> **Work to complete**
Restate exactly the lines below, from the one containing "Buddha Unisex Softstyle" through the final line, and leave out the pictures.

> **Collected data**
=== Section Start ===
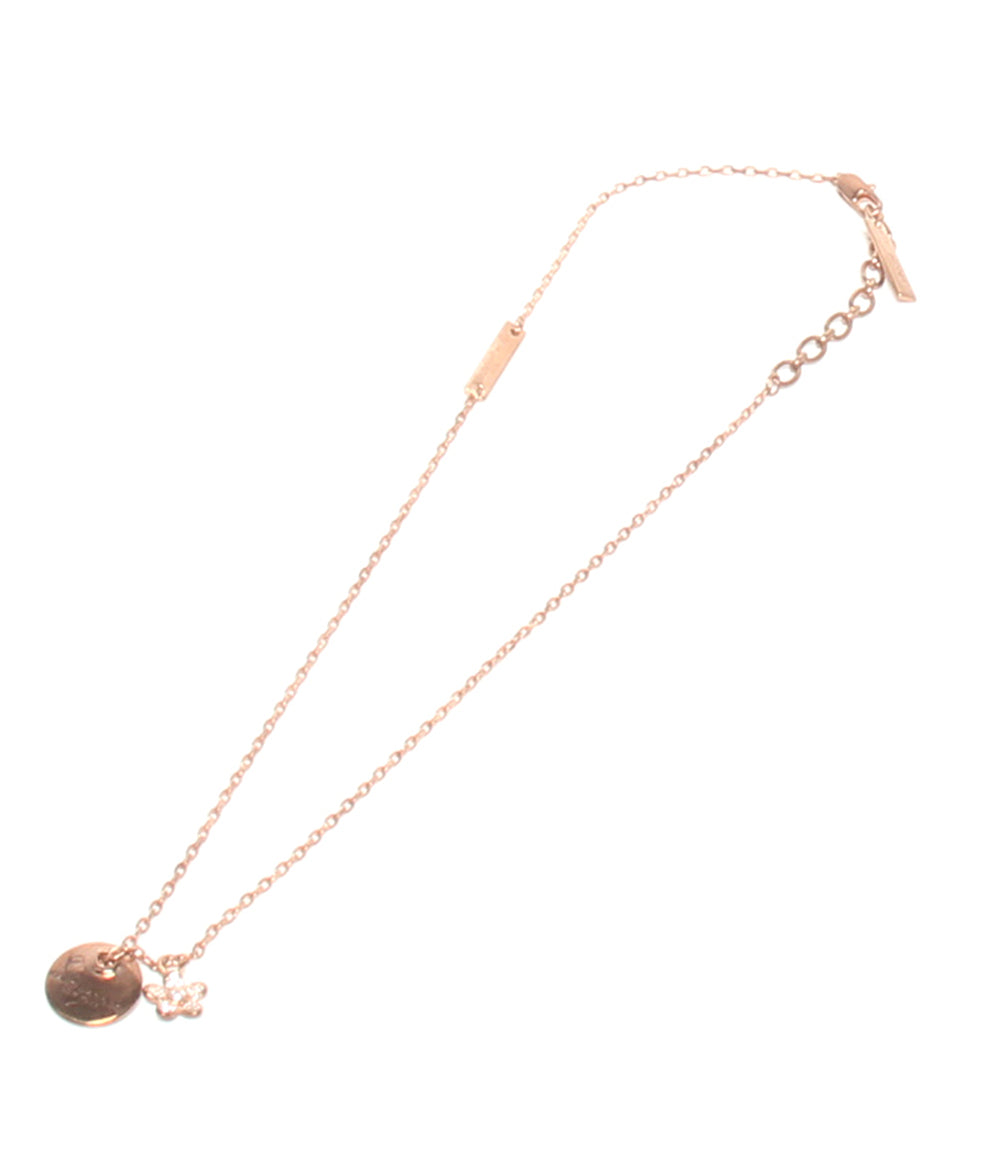 MARC JACOBS ネックレス バングル  フラワーモチーフ 花モチーフ 2点セット レディース マークジェイコブス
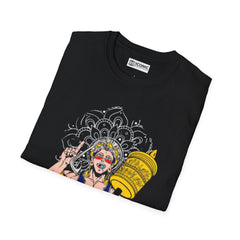 Buddha Unisex Softstyle T-Shirt - IGZ Clothing 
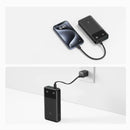 Encuentra la batería Anker PowerCore 30W de 20000mAh con cable USB-C en Quetzaltenango.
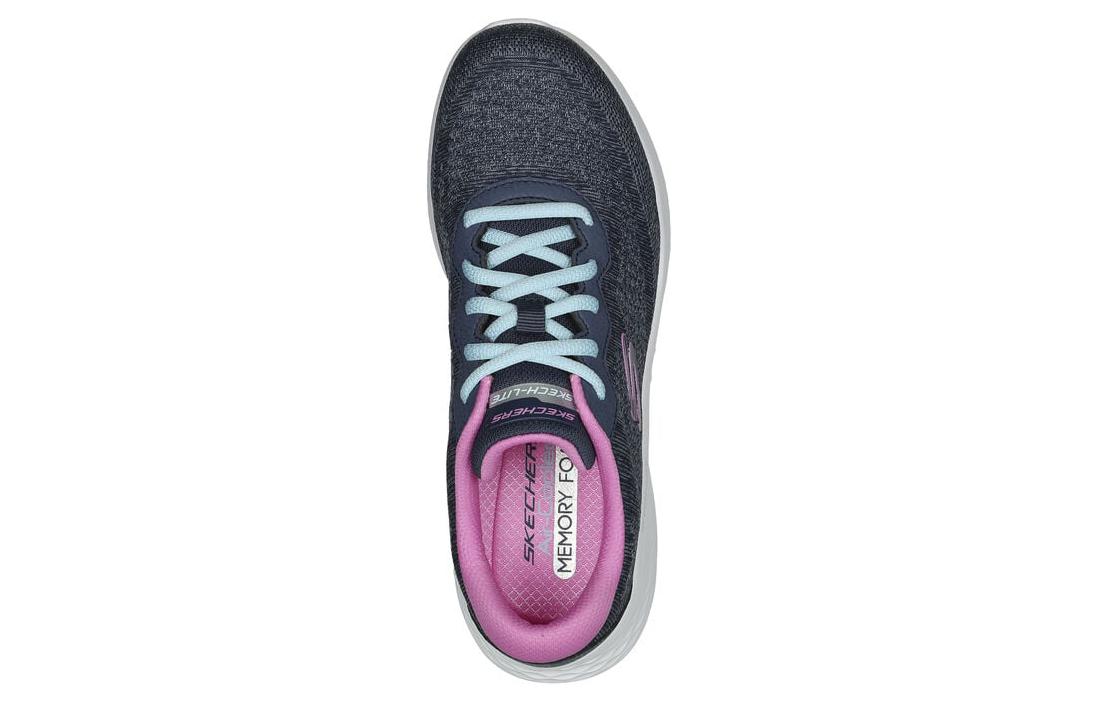 (W) Skechers Skech-Lite Pro 'Blue Pink' 圖 4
=== Section End ===
> **Task answer**
 Buddha Unisex Softstyle T-Shirt - IGZ Clothing 
 Encuentra la batería Anker PowerCore 30W de 20000mAh con cable USB-C en Quetzaltenango.
 (W) Skechers Skech-Lite Pro 'Blue Pink' 圖 4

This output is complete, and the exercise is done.